*** Available records ***

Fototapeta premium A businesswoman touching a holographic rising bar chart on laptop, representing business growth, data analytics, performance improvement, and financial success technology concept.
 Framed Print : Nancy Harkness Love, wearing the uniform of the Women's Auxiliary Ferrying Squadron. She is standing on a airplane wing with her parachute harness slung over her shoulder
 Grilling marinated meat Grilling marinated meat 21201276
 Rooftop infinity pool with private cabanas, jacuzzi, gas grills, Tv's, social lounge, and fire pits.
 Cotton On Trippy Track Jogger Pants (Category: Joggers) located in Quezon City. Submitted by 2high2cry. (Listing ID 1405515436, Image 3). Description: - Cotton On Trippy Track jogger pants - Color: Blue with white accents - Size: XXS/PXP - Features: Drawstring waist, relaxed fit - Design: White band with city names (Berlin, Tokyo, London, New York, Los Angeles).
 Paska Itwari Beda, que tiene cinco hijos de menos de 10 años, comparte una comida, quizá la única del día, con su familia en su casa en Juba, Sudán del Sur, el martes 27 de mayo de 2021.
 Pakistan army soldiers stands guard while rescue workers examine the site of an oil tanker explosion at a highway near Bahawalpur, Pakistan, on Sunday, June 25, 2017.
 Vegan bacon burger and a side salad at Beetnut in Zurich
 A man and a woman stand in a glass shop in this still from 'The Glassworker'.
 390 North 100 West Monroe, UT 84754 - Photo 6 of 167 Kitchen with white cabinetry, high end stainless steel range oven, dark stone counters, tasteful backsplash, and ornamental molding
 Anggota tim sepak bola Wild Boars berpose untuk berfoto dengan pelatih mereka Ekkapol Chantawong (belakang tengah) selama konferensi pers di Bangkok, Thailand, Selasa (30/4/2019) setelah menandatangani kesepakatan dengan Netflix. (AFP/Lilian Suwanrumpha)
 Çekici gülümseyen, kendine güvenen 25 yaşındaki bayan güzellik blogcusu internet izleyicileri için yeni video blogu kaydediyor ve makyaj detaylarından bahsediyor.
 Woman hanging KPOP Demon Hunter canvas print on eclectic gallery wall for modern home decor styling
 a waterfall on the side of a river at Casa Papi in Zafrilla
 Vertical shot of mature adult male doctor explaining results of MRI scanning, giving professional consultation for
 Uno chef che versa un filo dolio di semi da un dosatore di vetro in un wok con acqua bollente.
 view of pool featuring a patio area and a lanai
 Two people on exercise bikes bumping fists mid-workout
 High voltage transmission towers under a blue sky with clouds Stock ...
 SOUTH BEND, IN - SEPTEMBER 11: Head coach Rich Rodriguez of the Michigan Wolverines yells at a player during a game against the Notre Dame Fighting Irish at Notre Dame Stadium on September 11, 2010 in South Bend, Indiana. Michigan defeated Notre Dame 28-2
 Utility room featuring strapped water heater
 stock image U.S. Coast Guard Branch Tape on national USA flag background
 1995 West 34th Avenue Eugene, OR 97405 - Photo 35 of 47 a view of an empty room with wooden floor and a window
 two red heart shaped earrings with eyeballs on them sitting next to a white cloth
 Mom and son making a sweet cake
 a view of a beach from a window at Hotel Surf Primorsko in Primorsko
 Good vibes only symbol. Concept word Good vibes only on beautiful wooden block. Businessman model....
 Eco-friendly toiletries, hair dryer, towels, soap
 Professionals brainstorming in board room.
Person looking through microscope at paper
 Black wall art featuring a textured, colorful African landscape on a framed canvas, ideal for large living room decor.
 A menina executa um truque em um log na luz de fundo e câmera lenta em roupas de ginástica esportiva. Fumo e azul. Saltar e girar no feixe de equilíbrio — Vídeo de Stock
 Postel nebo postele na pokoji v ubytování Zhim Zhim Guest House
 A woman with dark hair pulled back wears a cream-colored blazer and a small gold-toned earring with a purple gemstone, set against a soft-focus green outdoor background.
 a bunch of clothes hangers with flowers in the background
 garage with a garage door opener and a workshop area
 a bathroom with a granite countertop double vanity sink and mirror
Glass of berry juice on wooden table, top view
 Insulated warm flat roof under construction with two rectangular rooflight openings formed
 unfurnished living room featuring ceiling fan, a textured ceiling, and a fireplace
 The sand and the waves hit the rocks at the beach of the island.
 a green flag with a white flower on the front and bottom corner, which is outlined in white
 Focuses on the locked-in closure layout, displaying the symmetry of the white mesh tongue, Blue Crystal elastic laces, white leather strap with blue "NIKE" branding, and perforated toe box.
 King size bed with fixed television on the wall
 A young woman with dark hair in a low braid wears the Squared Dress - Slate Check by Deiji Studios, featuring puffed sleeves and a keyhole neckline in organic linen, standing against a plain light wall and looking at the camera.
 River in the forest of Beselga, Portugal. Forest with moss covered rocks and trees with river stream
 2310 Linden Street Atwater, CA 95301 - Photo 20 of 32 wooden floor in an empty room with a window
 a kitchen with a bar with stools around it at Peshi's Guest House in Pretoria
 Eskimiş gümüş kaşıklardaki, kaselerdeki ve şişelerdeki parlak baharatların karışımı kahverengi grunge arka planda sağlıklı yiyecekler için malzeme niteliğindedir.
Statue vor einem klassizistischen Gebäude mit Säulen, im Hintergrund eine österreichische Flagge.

*** End of Available records ***

Copy out every line of the data in which the word "wooden" is found.

 1995 West 34th Avenue Eugene, OR 97405 - Photo 35 of 47 a view of an empty room with wooden floor and a window
 Good vibes only symbol. Concept word Good vibes only on beautiful wooden block. Businessman model....
Glass of berry juice on wooden table, top view
 2310 Linden Street Atwater, CA 95301 - Photo 20 of 32 wooden floor in an empty room with a window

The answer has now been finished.